Crawled caption data:
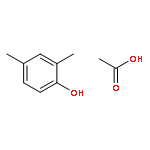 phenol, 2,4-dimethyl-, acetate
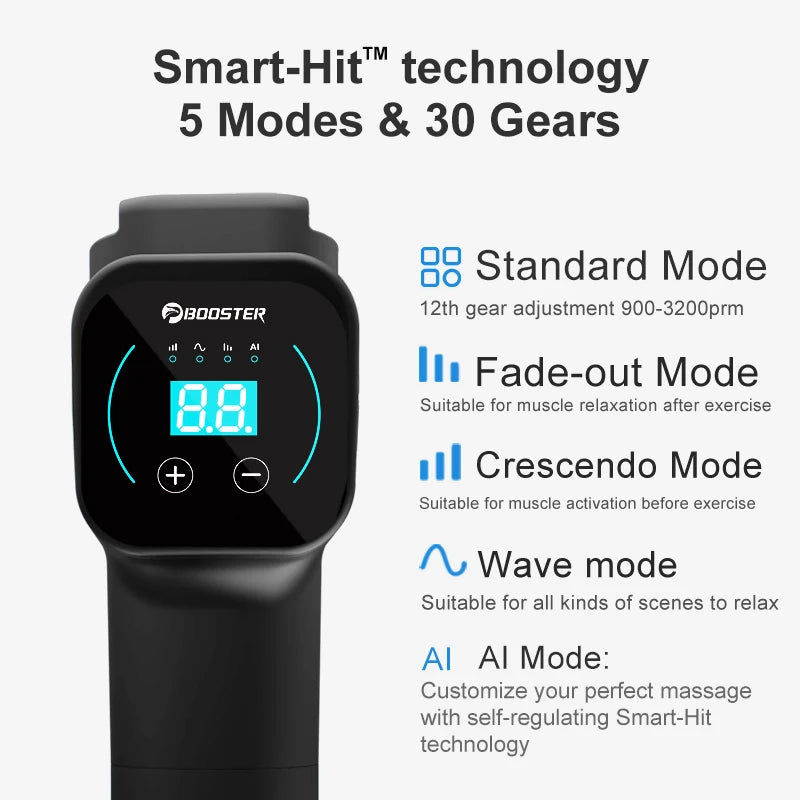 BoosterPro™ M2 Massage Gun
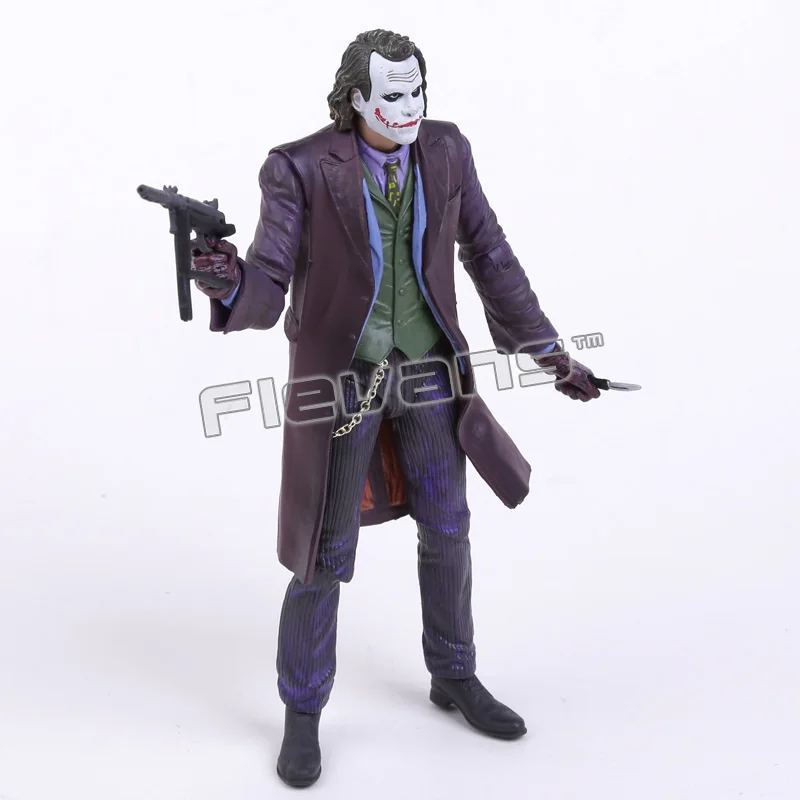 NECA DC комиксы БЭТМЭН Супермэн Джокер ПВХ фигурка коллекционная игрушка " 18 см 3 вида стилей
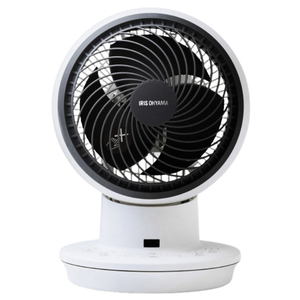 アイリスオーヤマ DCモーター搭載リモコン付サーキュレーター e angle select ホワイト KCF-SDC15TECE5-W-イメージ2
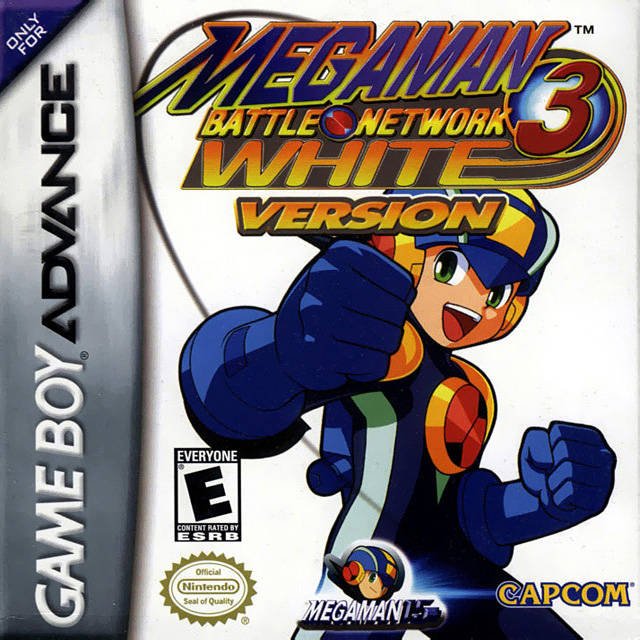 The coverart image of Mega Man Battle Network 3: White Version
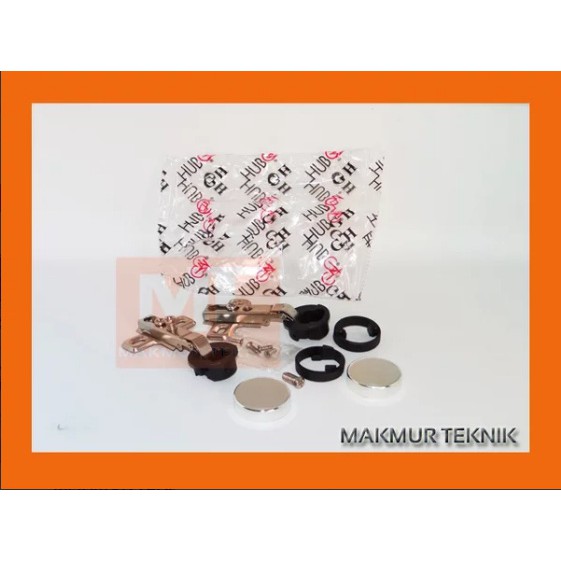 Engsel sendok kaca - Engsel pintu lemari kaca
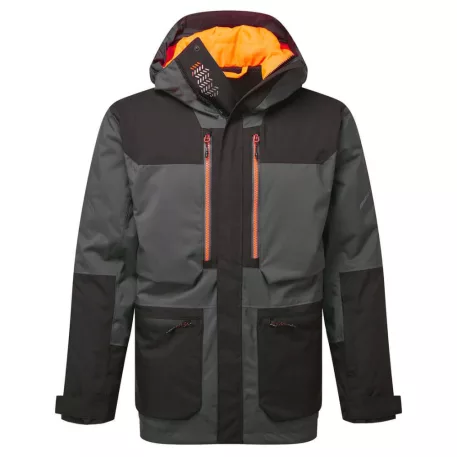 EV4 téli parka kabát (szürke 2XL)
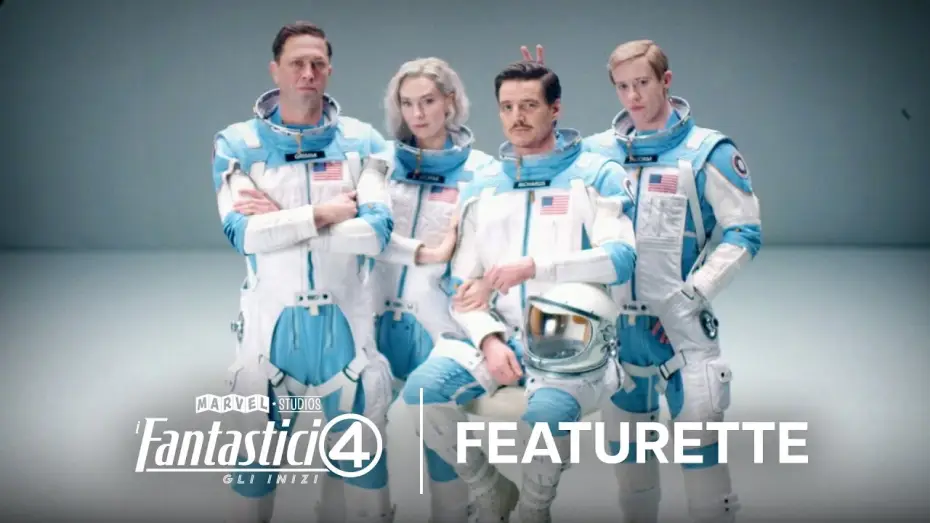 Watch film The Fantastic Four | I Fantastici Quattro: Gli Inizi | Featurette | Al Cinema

● ASSIGNMENT
No pictures go in the copy. Retype exactly the lines from the one with "The coverart image" through the last line of the entries above, both included, and nothing more.

● ANSWER SECTION
 The coverart image of Mega Man Battle Network 3: White Version
 Engsel sendok kaca - Engsel pintu lemari kaca
 EV4 téli parka kabát (szürke 2XL)
 Watch film The Fantastic Four | I Fantastici Quattro: Gli Inizi | Featurette | Al Cinema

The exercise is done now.